Insurance Coverage Predicts Mortality in Patients Transferred Between Hospitals: a Cross-Sectional Study
Patients transferred between hospitals are at high risk of adverse events and mortality. The relationship between insurance status, transfer practices, and outcomes has not been definitively characterized.
To identify the association between insurance coverage and mortality of patients transferred between hospitals.
We conducted a single-institution observational study, and validated results using a national administrative database of inter-hospital transfers.
Three ICUs at an academic tertiary care center validated by a nationally representative sample of inter-hospital transfers.
The single-institution analysis included 652 consecutive patients transferred from 57 hospitals between 2011 and 2012. The administrative database included 353,018 patients transferred between 437 hospitals.
Adjusted inpatient mortality and 24-h mortality, stratified by insurance status.
Of 652 consecutive transfers to three ICUs, we observed that uninsured patients had higher adjusted inpatient mortality (OR 2.67, p = 0.021) when controlling for age, race, gender, Apache-II, and whether the patient was transferred from an ED. Uninsured were more likely to be transferred from ED (OR 2.3, p = 0.026), and earlier in their hospital course (3.9 vs 2.0 days, p = 0.002).
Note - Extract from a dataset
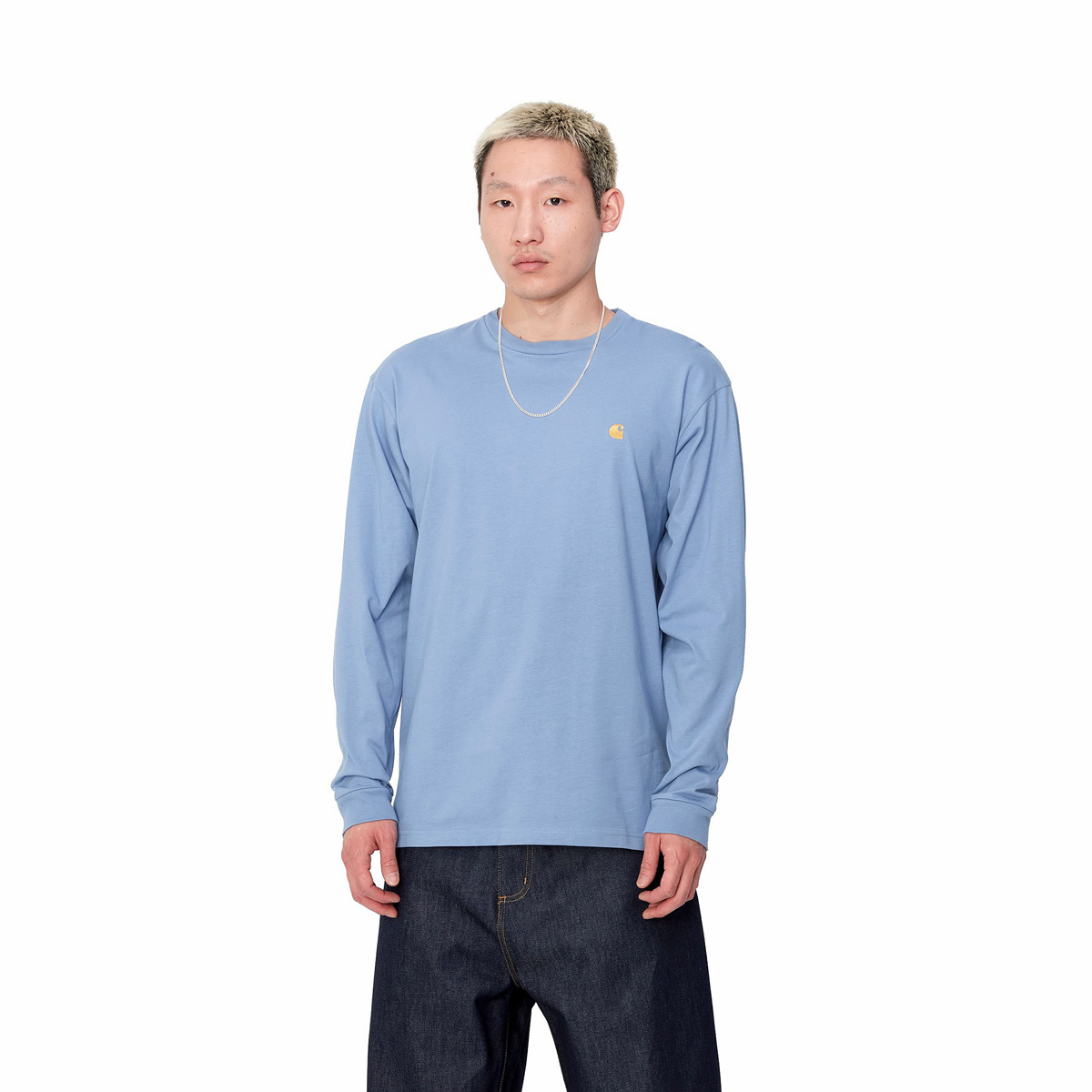 Carhartt WIP Chase Longsleeve T-Shirt Charm Blue/Gold Carhartt WIP Chase Longsleeve T-Shirt Charm Blue/Gold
Using an administrative dataset, we validated these observations, finding that the uninsured had higher adjusted inpatient mortality (OR 1.24, 95% CI 1.13–1.36, p < 0.001) and higher mortality within 24 h (OR 1.33 95% CI 1.11–1.60, p < 0.002). The increase in mortality was independent of patient demographics, referral patterns, or diagnoses.
This is an observational study where transfer appropriateness cannot be directly assessed.
Uninsured patients are more likely to be transferred from an ED and have higher mortality. These data suggest factors that drive inter-hospital transfer of uninsured patients have the potential to exacerbate outcome disparities.
KEY WORDSinter-hospital transfers health disparities insurance hospital ownership
We would like to thank Anne Marie Webber-Main PhD for her critical review of a draft of this paper and writing clarification.
This paper was presented at the Society of General Internal Medicine National Meeting in May 2016.
Funding support for this study was provided by the NIH Clinical and Translational Science Award at the University of Minnesota: 8UL1TR000114-02.
Compliance with Ethical Standards
Conflict of Interest
The authors declare that they have do not have a conflict of interest.